I am a devoted fan of the Stat Abstract. In four decades of reporting, I have grabbed it thousands of times to find a fact, tutor myself or answer a pressing question. Its figures are usually the start of a story, not the end. They suggest paths of inquiry, including the meaning and reliability of the statistics themselves (otherwise, they can mislead or tell false tales). The Stat Abstract has been a stalwart journalistic ally. With some interruptions, the government has published it since 1878.
No more. The Stat Abstract is headed for the chopping block. The 2012 edition, scheduled for publication later this year, will be the last, unless someone saves it.
In the next months and years, we will stumble across countless examples of good government coming to grief. Budget pressures will force cutbacks and cancellations. Many will be desirable and overdue: programs that don’t work, have outlived their usefulness or favor the undeserving. But some will represent valuable activities that were reluctantly or foolishly eliminated to meet budget targets. The Stat Abstract’s fate belongs in this category.
I am of course on record here as a staunch supporter of balanced budgets and sustainable fiscal policy (and, to a degree, a limited role of the federal government). But I am also on record as saying that it is absolutely foolish and self-defeating to try to balance a budget by slashing the small items and leaving the big ones untouched. You can't balance a household budget by decreasing your food intake but buying a bigger car, and yet that's exactly what we're trying to do here. Sooner or later, you'll starve, and your car won't help you solve that problem.

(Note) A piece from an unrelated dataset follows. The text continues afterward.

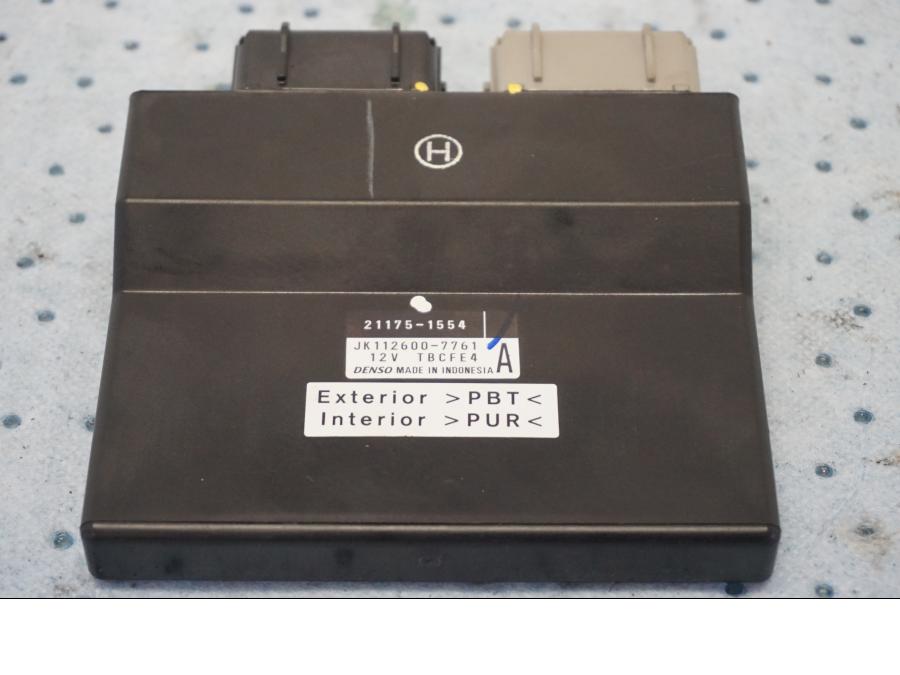 Framsidan på CDI / ECU från en Kawasaki Z 650 ABS -2020 motorcykel.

One of the few things that sets first-world economies apart from their second and third-world counterparts is the publication and wide availability of information and statistics. As Krugman points out, the elimination of the Statistical Abstract would go a long way toward creating a more ignorant populace, which is never a good thing for a country's long-term outlook.

For a Presidential administration that ran on a platform of transparency and availability of data, letting the Abstract die would be a particularly ironic and tragic event. It's not hard to imagine a future world where what was once public information has become the exclusive domain of a select few privileged people--and that may be exactly what those (Republican... corporate... rich...) people want. For a truly free society to exist, the democratization and freedom of information is of paramount importance--an ignorant country is a weak country.

Hey, Warren Buffett, maybe you should open up your checkbook and pony up a couple million bucks to save this one, huh? I won't hold my breath...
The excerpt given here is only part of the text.